その時ラスク氏は国務省極東部門の局長にしか過ぎなかった。
それ以前のラスク氏は国務省No.3、次官補佐であり、これは異例の降格人事だ。しかし氏の場合は自ら志願したものだった。それには特別な事情があったからである。
1946年陸軍を除隊となったが、ラスク氏は大学には戻らず国務省に職を得て首都ワシントンDCに残った。国務省で彼は“UNボーイズ”の一人として、当時設立されたばかりの国連を舞台に冷戦の戦略家として頭角を現した。当時の国連米代表の一人が後のSF条約の米側代表となるダレス氏であった。
ラスク氏は国務省のNo 3、次官補、まで上り詰めた。だが実際は、トルーマン大統領の信頼を得、実力ではNo 2、と見なされていた。
彼と大統領の間には歴史上著名な国務長官のマーシャル将軍がいただけという非常に大統領に近い関係だったようだ。
ダレス米代表とラスク氏は、NY、ヨーロッパを舞台にベルリン封鎖に代表されるようなスターリン下のソ連側の容赦ないゴリ押しを阻止する為に労苦を共にした仲であり、二人は堅い友情で結ばれていたようだ。
このままの状態でいけば、ラスク氏は国連対策専門家として功なり名遂げていたはずであり、多くの同僚は彼の行動に懐疑的であった。
実はこの降格人事の原因は1949年の中国国民党の敗北である。

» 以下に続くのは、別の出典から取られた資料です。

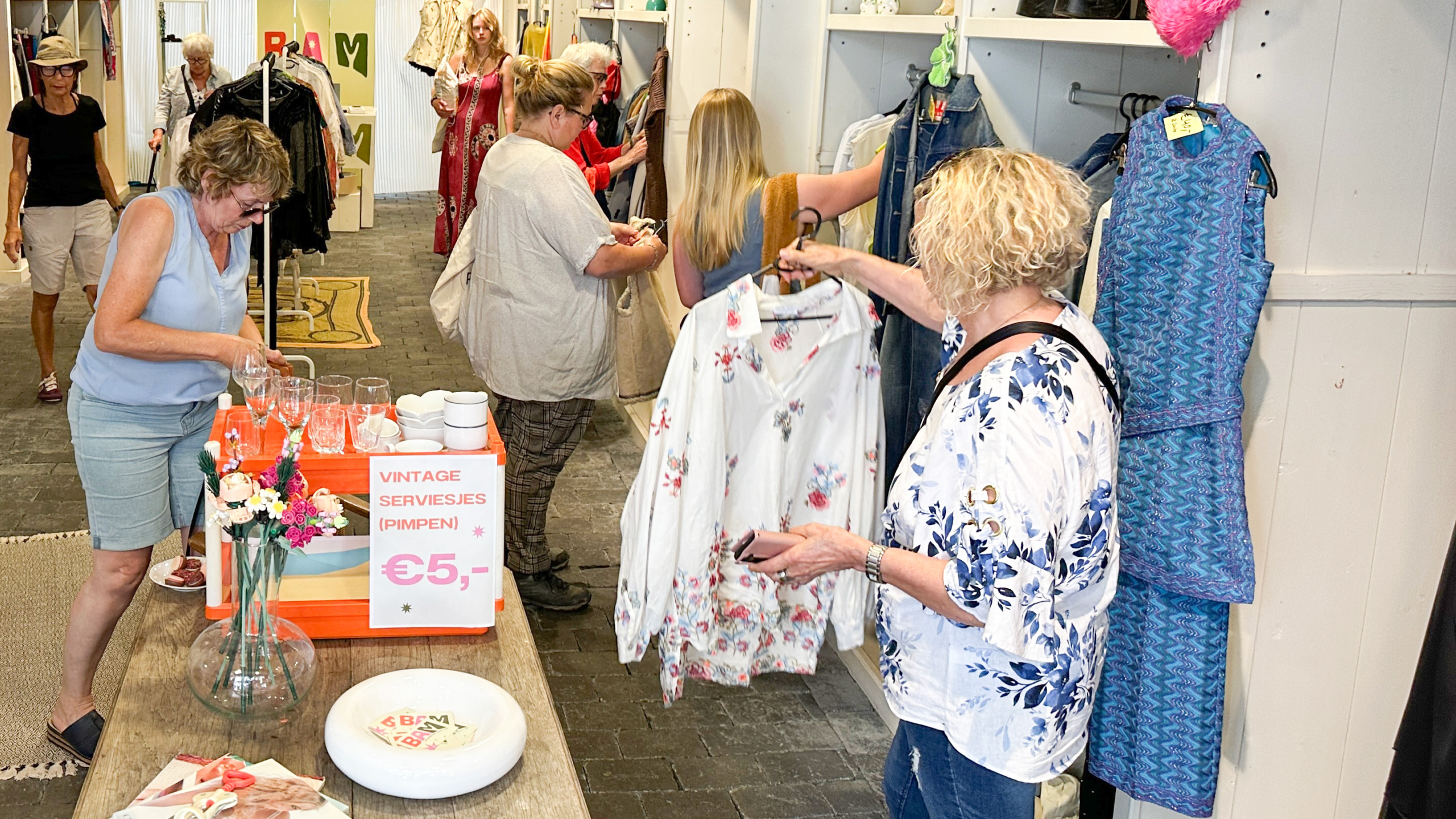 Een vrouw met blond krullend haar houdt een shirt vast in een tweedehandswinkel, omringd door andere klanten die kleding bekijken en snuffelen tussen schappen. Op een tafel vooraan staat een bordje met "Vintage Serviesjes Pimpen" en een prijs van €5.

米は戦前・戦中・戦後を通じて一貫して蒋介石国民党総統を援助し続けてきた。しかしながら、ラスク氏のようにビルマ戦線で戦った人達及び中国専門家の間では蒋介石は民主国家中国の指導者としては望みがない、と早くから予測されていた。前年1948年には勝敗はもはや誰の目にも明らかになった。トルーマン政府も事実上蒋介石を見捨てた格好になっていたのだった。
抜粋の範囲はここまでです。